On Wednesday, the European Central Bank announced more specific data on its own lending projects. Before the US stock index expanded, the euro fell to its lowest level since January 11, 2011. The US dollar index rose 0.83% on Wednesday and returned above 80.00.

As of the closing of the New York foreign exchange market, the US dollar index reported 80.50 points, up 0.83%; the euro/US dollar fell 1.02% to 1.2937. The euro/dollar exchange rate earlier in Italy's successful auction of a group of short-term Treasury bills promoted the next rise, and then fell to the 1.2910 position, the lowest level since September 2010.

Boris Schlossberg, head of GFT's currency research, warned that the volume of market transactions between Christmas and New Year holidays is very light, which may make any changes in direction are greatly exaggerated.
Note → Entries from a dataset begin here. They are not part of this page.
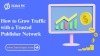 How to Grow Traffic with a Trusted Publisher Network How to Grow Traffic with a Trusted Publisher Network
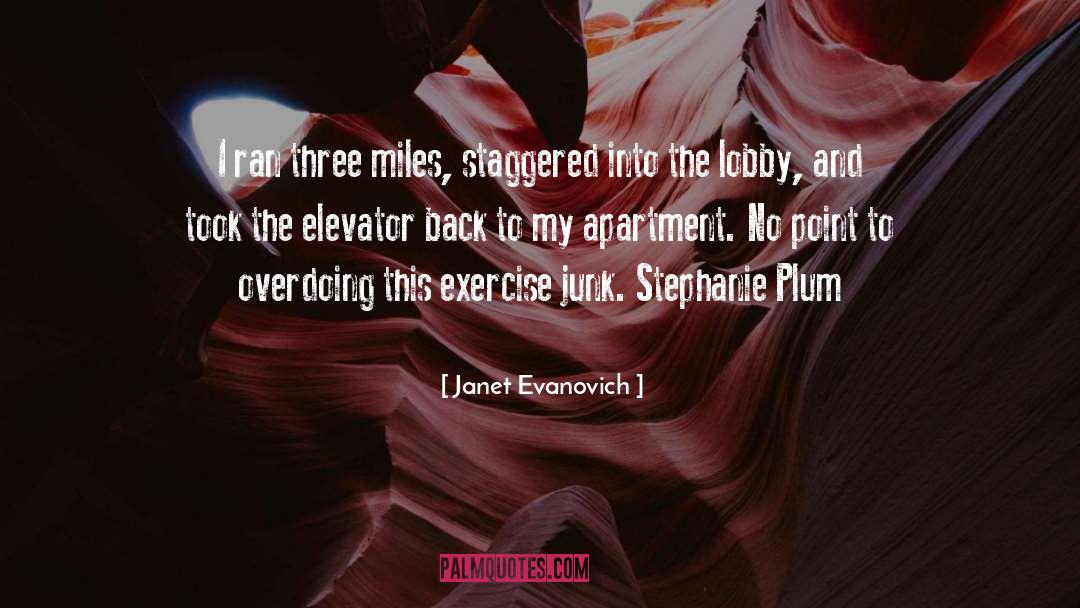 Overdoing quotes by Janet Evanovich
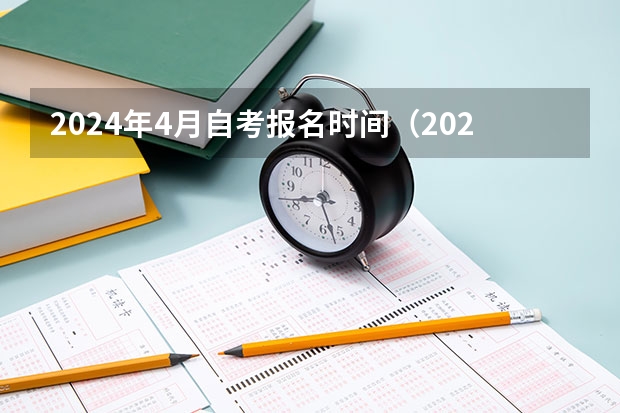 2024年4月自考报名时间（2024年自考科目安排）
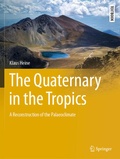 Cover: The Quaternary in the Tropics - Springer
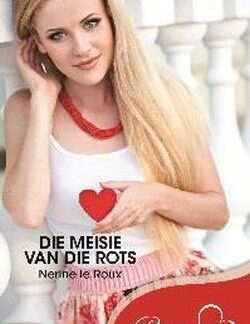 Die meisie van die rots - Nerine le Roux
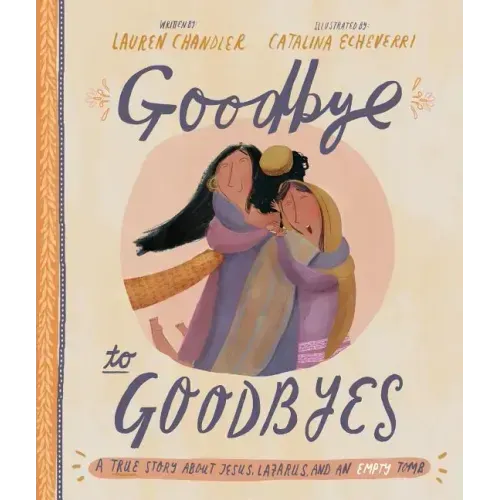 Goodbye to Goodbyes Storybook: A True Story about Jesus, Lazarus, and an Empty Tomb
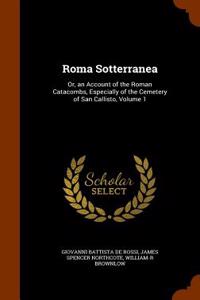 Roma Sotterranea: Or, an Account of the Roman Catacombs, Especially of the Cemetery of San Callisto, Volume 1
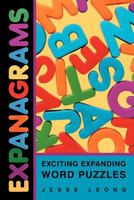 Expanagrams: Exciting Expanding Word Puzzles 1462016391 Book Cover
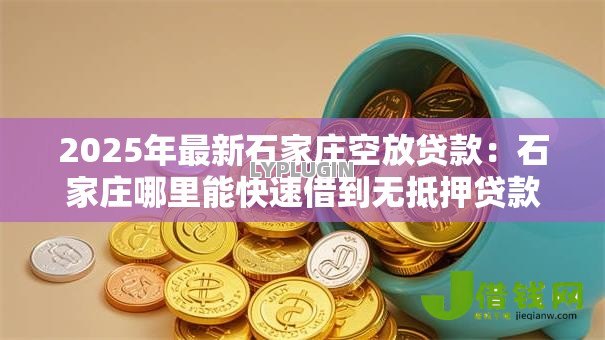 2025年最新石家庄空放贷款：石家庄哪里能快速借到无抵押贷款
DailyFX currency analyst David Song pointed out in an earlier report on Wednesday that “it seems that while market participants have some tentative attempts in risk preferences, the dollar will continue to increase since earlier this month and continue to act as Safe assets are supported by the corresponding capital flow."

For the US stock index, the Dow Jones Industrial Average fell 1.14 percent, while the S&P 500 Index fell 1.25%. For most of this year, the strengthening of the US stock index also means a drop in the exchange rate of the US dollar: traders tend to purchase high-risk assets more when the stock market rises, while reducing the holding of safe assets including the US dollar.

Forex. Com research director Kathleen Brooks pointed out in a report on Wednesday that the data released earlier by the European Central Bank show that its assets and liabilities have reached a record 2.73 trillion euros, of which the amount of loans to euro zone banks in one week from The 214 billion euros soared to 879 billion euros.

The Italian government auctioned a €9 billion six-month Treasury bill on Wednesday. The average yield has been halved to 3.25% from more than 6.5% of the same auction last month. At the same time, it has obtained 1.7 times of the subscription rate. At the end of November, the 1.5 times subscription rate for the same period of auction.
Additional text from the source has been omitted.